On pirate maps, “X marks the spot.” When entering the main doors in most large malls across America, we find the information board with a map and key to help us locate a store. Our survey plans often have a location map. In parks there will be a placard with a big arrow that says “YOU ARE HERE.” These are all a necessity to find the place we seek.
A director of surveys for a Maryland firm told me about a time when he had a crew stake out a sanitary trunk line and things went wrong. It was probably marked with 8- or 10-foot offset stakes and it was a long straight run. After a large portion of the pipe was constructed, the contractor realized the pipeline was on the wrong side of the line of offset stakes. That would make it 16 or 20 feet from where it ought to be. In my area of the country a 30-foot-wide easement is large for a single sanitary line, and, at 16 feet from where it was intended, it would be outside the easement. I feel sure anyone reading this knows that the contractor tried to blame the survey crew.

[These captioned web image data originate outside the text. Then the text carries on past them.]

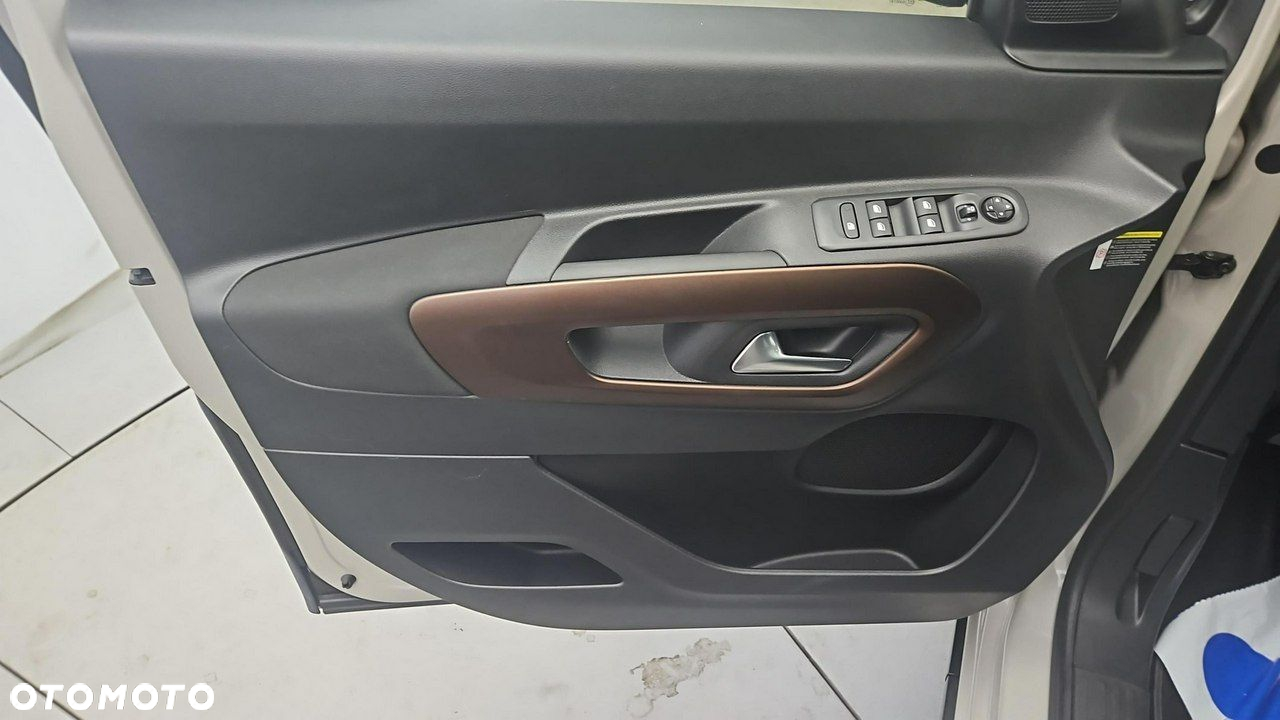 Peugeot Rifter 1.2 PureTech GT S&S - 10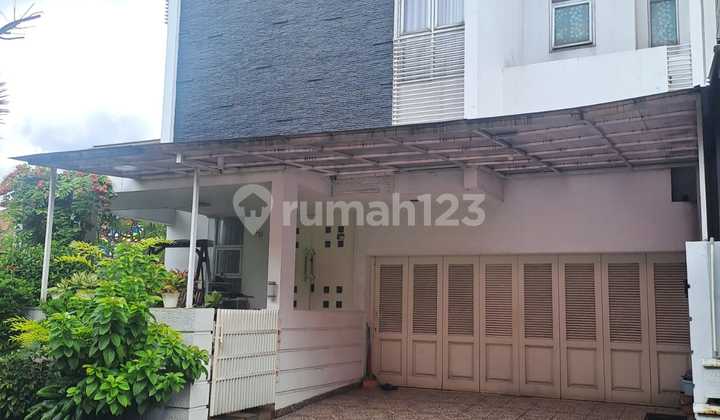 Rumah kolam renang dijual d Billymoon Pondok Kekapa Jakarta Timur 2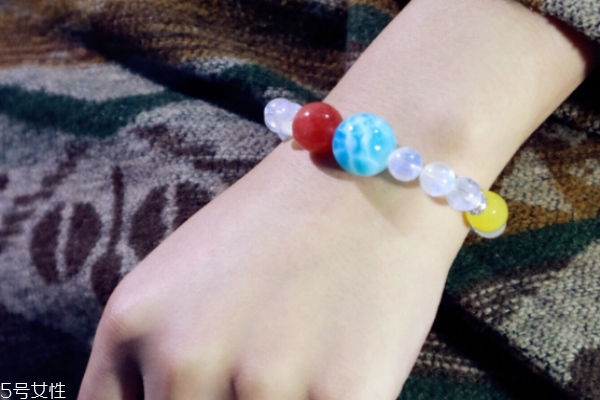月光石手鏈戴哪只手 要清楚佩戴法則 月光石手鏈戴哪只手 要清楚佩戴法則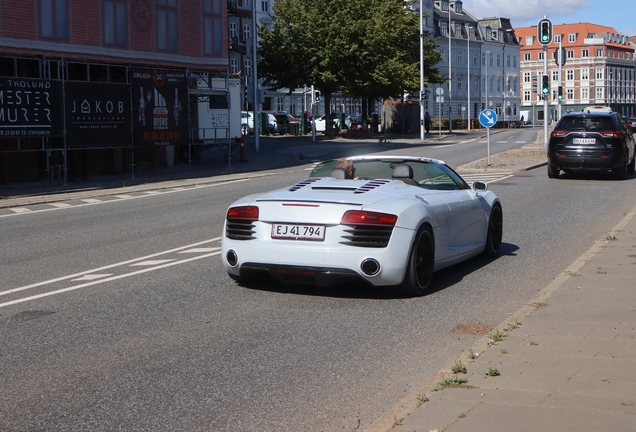 Audi R8 V8 Spyder 2013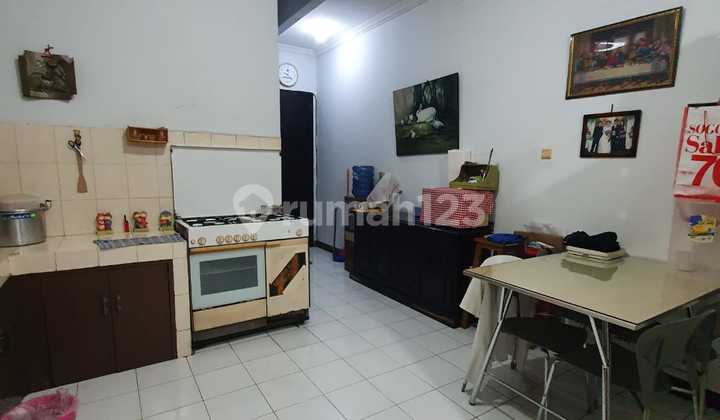Nego Rumah Semi Furnished Bagus dan Strategis Dekat Tol Karang Tengah di Kosambi Baru - foto 1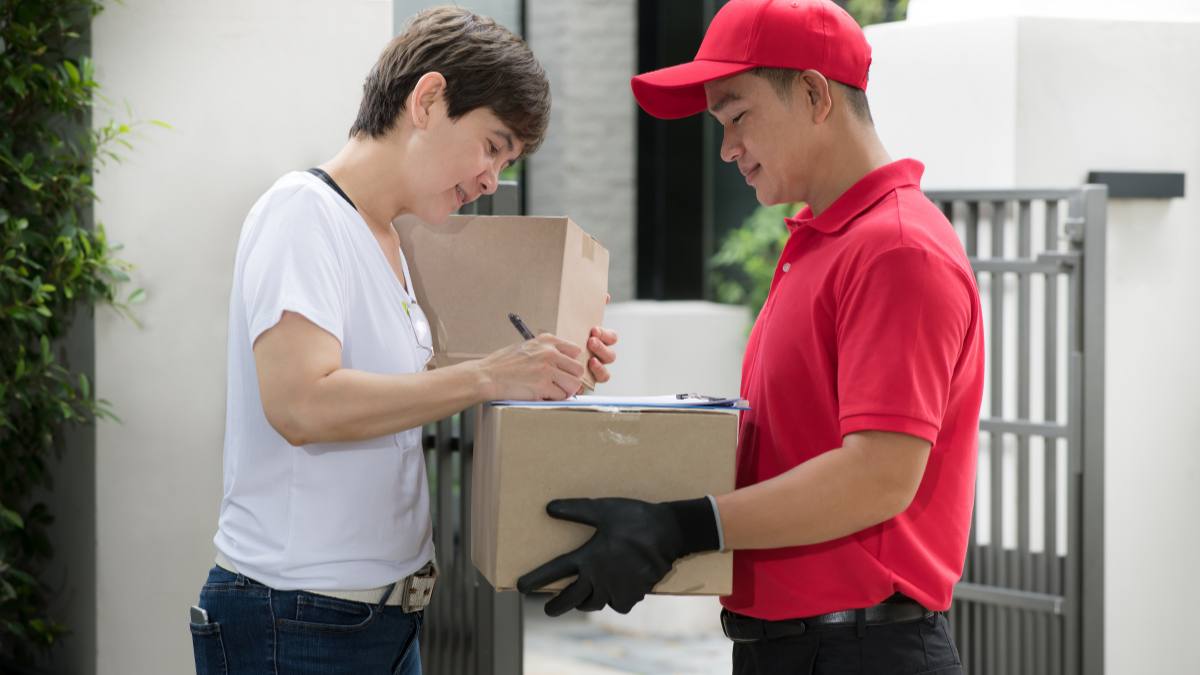 Courier vs Postal Services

After listening to this sad story, I decided to routinely set a stake at the rough location of the objects I am staking out. I just don’t want to receive manipulative phone calls from managers of poorly supervised construction crews.
For a proposed manhole I will place a lath and tie a different color flagging on it than the color I used for the offset stakes and mark it “PROPOSED MANHOLE.” At proposed inlets I will paint a white rectangle on the ground and cross hatch it. For “dig stakes” set for a deep dig on a house basement, I like to paint in short lines pointing from stake to stake so the dozer operator knows how the corners lie. There are times when I am asked to rough stake for footers in a basement hole, and I will set the outside building corners and paint not only the direction from corner to corner, but often the inside wall line so they know without a doubt what I was marking. You could say that I do this for them as part of the service, but really and most importantly I do it for myself.

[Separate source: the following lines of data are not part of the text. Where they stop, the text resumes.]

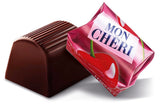 Ferrero Mon Chéri Heart - Czekoladowy prezent na Walentynki dla niego i dla niej - Chrupiąca czekolada, likier owocowy i aromatyzowane wiśnie - Na Walentynki, Dzień Matki i Wielkanoc - 1 opakowanie 147g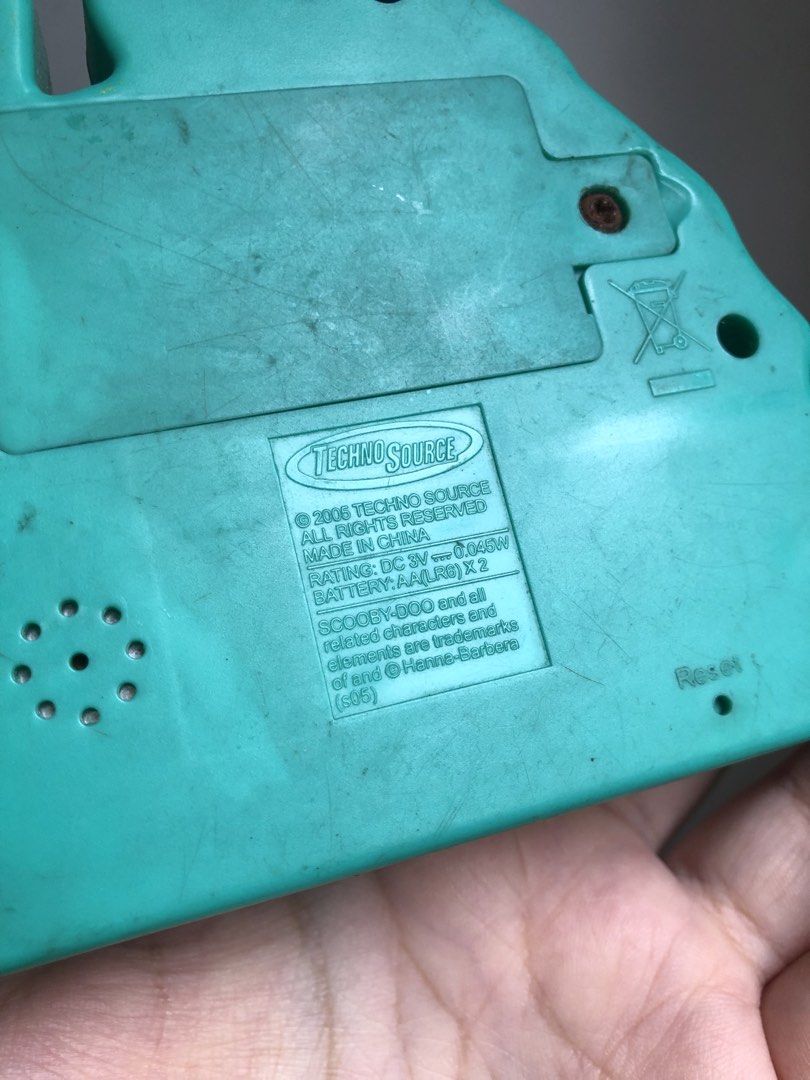 Vintage scooby doo handheld game console (Category: Vintage Collectibles) located in Cainta. Submitted by dopethrifts.ph (Listing ID 1460761746, Image 2). Description: Working As is physical condition .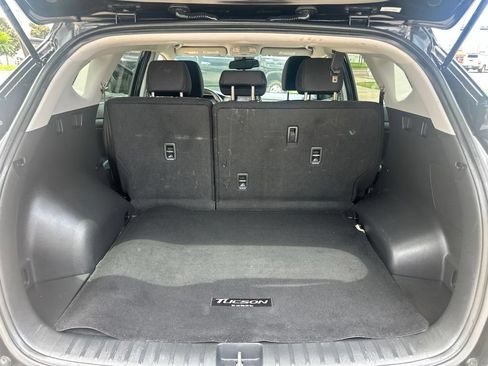 Used 2021 Hyundai Tucson Value w/ Cargo Package FWD image 14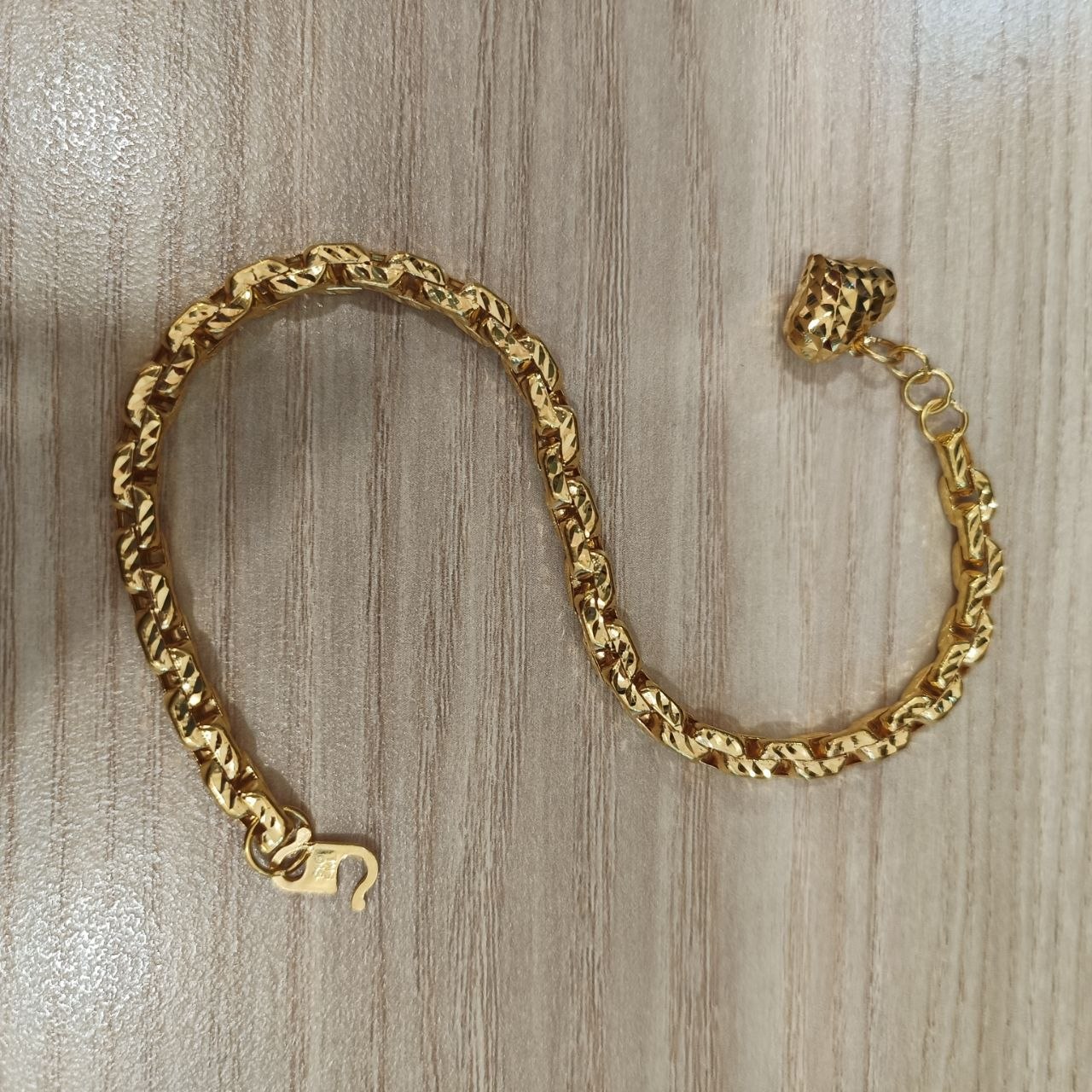 916 Gold Hollow Wanzi Heart Link Bracelet | 22K Gold Heart Design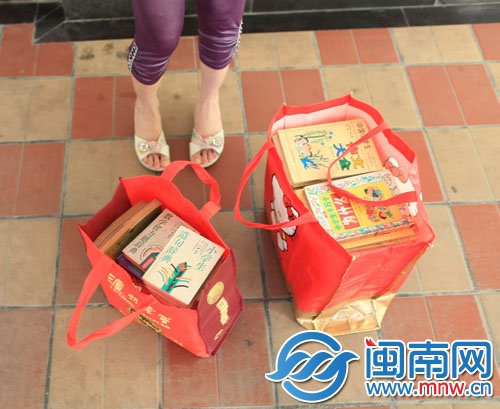 家住市区的一女士昨日送来满满两袋书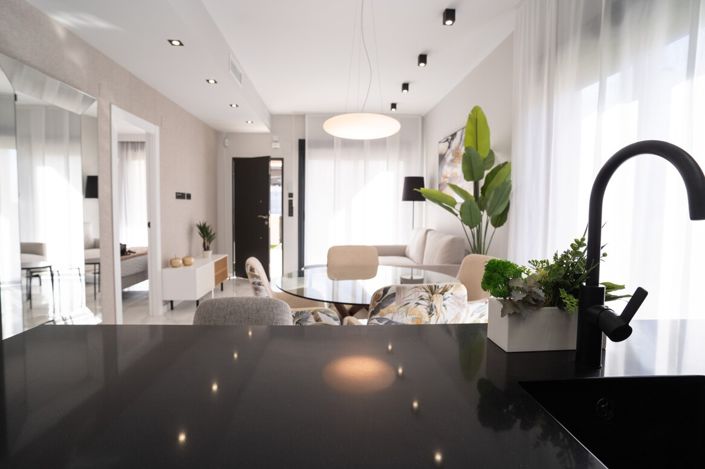 Image No.24-2 Bed Apartment for sale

Some years ago, I sent a competent crew chief out to stake a silt fence at the start of a large municipal park project. The contractor wanted to install the erosion and sedimentation controls. Along the property line were small trees and a lot of brush that needed to be cleared to install the fence, which was 5 feet off the property line. I instructed the party chief to use the line stakeout routine on the instrument and find an offset line that would allow him to give the contractor a long straight line to measure from. He came up with a 30-foot offset line, and it was very visible in the short grass. Anyone looking at the plan would know that the silt fence line was in the vegetation along the obvious property line and not out in the open field. I believe that anyone looking at a copy of the plan would know the silt fence belonged in the brush and not running through an open field where ball fields would be constructed.
So where did the construction crew put the silt fence? Right down the line of offset stakes. To make things worse, it was super silt fence that was installed on the equivalent of cyclone fence. To make things even worse, hard shale was under the thin layer of topsoil so it was very difficult to install.
The contractor called cursing on the phone about 5 p.m. He really gave it to me for the error in staking the line and probably informed me it would be my cost to fix things. I was polite and told him I would go and check it out. I really like this contractor and he is a Cracker Jack operator. When he is on the job, I know things will always go right, or he will correct things and make field decisions that can be relied upon. In this case, he was elsewhere when the installation took place and one of his fellows phoned him to say things had gone wrong.
My father, a retired PE, taught me that it is best to examine yourself first to see if you have made a mistake and try to prove yourself wrong three times before telling someone else they are in error. In order to determine any errors my field crew had made, I drove out immediately to the job site to see what had happened. Upon arriving I saw the fence was obviously in a wrong location. The fence posts were gnarled on top from all the force necessary to drive them into the hard shale. The lath were clearly marked “30’ offset to silt fence” and flagged well. I took photographs of the markings on the lath. I called the contractor and told him the situation and he began to tell me that it said 30 inches and so it was the line staked out for a 30-inch silt fence. I don’t know a contractor in my area that does not know the offset symbol. It seemed this was going to lead to a long argument with this ordinarily great fellow.
Later that evening, I received a second phone call from that contractor. This time he apologized for what he had said earlier. He agreed that it was well marked and his crew was sent out by a foreman and they did not know what they were doing. There had been no field supervisor. Had my crew chief been able to set some stakes and mark them, “Silt fence to be installed here,” the problem might have been avoided; but then again, maybe not.
When the surveyor with the trunk line problem explained it to me, I thought back on the silt fence line. We often don’t see the person using our stakes. Even though they are emailed or faxed copies of field notes, we cannot be sure the field people actually received our notes. Letting an “X” mark the spot may help out an inexperienced person and save us headaches.